O PT teve primeiro para seus militantes um papel civilizador. Milhares e milhares de brasileiros e brasileiras destinadas a "não ser". Os "nadas do mundo", como eu, encontraram nesta partido o seu espaço de representação política. Passaram a "ser alguém" e a lutar "por alguma coisa". Eu, por exemplo. Passei a ser "trotskista", "marxista", "socialista", "reformista" e fui evoluindo até me tornar, hoje, sobretudo "Lulista". O que pra mim significa um pouco de tudo isso que fui sem negar nada.

Lula é um pouco disso tudo. É um símbolo do que Darcy Ribeiro nos contou sobre a epopeia desse fenômeno chamado "povo brasileiro". E seu instrumento político é essa "coisa" real chamada PT, que é também instrumento político de todos nós do povo ou da intelectualidade de esquerda que se encontrou e se identificou nessa esquina da história brasileira. E a CNB é esse ponto de equilíbrio e governança que levou esse partido a ser o que é. Lula e o PT são esse fenômeno brasileiro. É uma jabuticaba política. Uma coisa nossa. Uma coisa brasileira, como a boa malandragem da Lapa ou do Pelourinho. Conhece a filosofia alemã, a institucionalidade iluminista e a racionalidade inglesa, mas leva a vida na ginga da capoeira.

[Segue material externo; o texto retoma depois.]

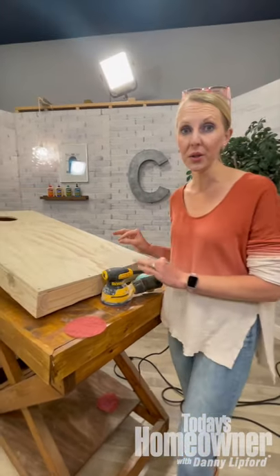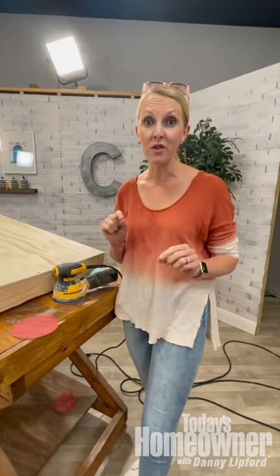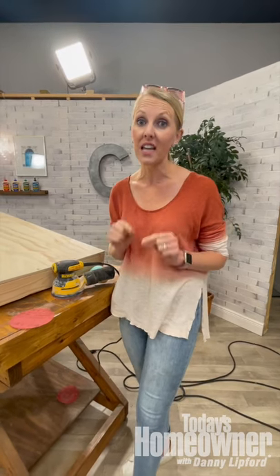Hey, it's Chelsea here. I'm in the middle of building an awesome cornhole set. But for cornhole, you need a really smooth surface. So to get that smooth surface, you need to use different grits of sandpaper.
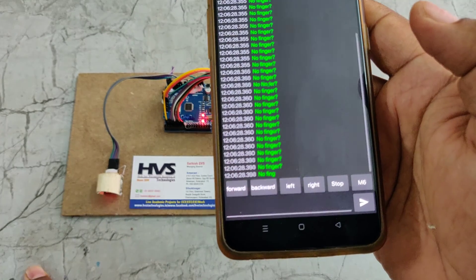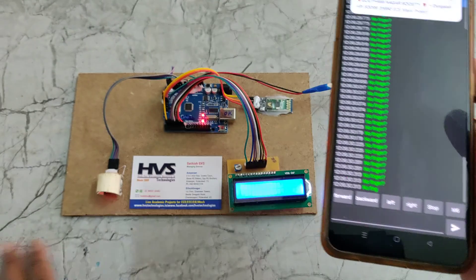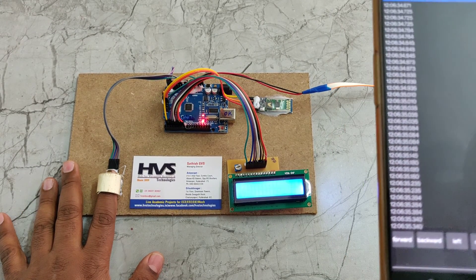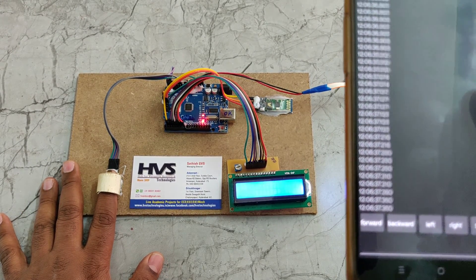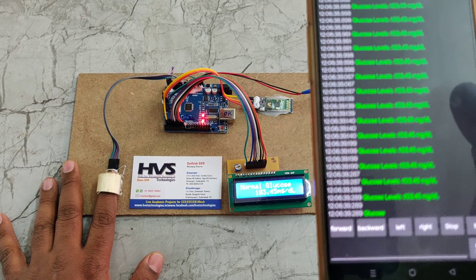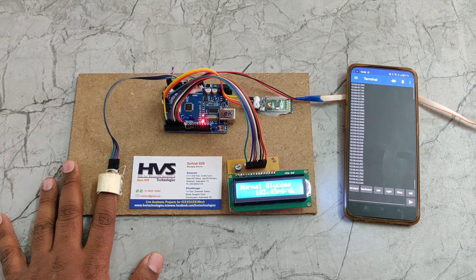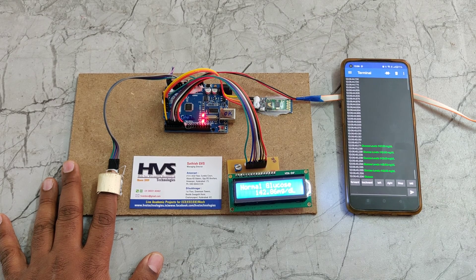It will then be connected. After connecting, if no finger is placed, no reading appears. Place your finger gently on the sensor — do not press it hard — and wait for some time. The glucose value will be calculated and displayed on the screen, along with streaming to the mobile phone application.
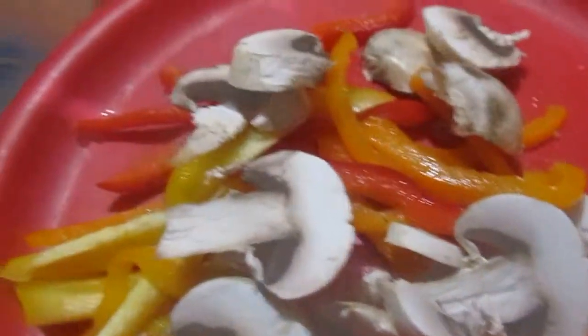Okay, wait. Plate. Mushroom. Red bell pepper.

Quando nós começamos a deixar de ser uma importação europeia: alemã, francesa, inglesa ou russa de 17, nós passamos a ser o que somos hoje. Para alguns seriamos até hoje um partido social democrata alemão de Rosa Luxemburgo ou um Partido Social Democrata Russo de Lenin e Trotsky, sem as deformações posteriores. O sonho do paraíso cristão, sem maçã e sem o bom pecado da carne. Onde ninguém come ninguém... uma chatice!

Mas não, nós ousamos em 2002, romper uma lógica de paraíso sem maçã e resolvemos romper os 30% de eleitorado cativo. Resolvemos fazer uma aliança com uma fração da burguesia e colocar Ze de Alencar Vice do Lula. Isso nos deu o que nunca tivemos para ganhar a eleição. Comemos a maçã e fomos expulsos do paraíso! Mas milhões de brasileiros e brasileiras viveram melhor, estudaram mais, moraram melhor, experimentaram coisas novas e futuro na vida. Viram um operário governar melhor que os doutores. Viram um país desprezado ser respeitado no mundo. Viram a primeira experiência de governo popular e de esquerda ser exitosa para o povo na história brasileira. Isso foi uma vitória que precisa ser contada e a tática utilizada para construir essa vitória foi correta e isso precisa ser dito!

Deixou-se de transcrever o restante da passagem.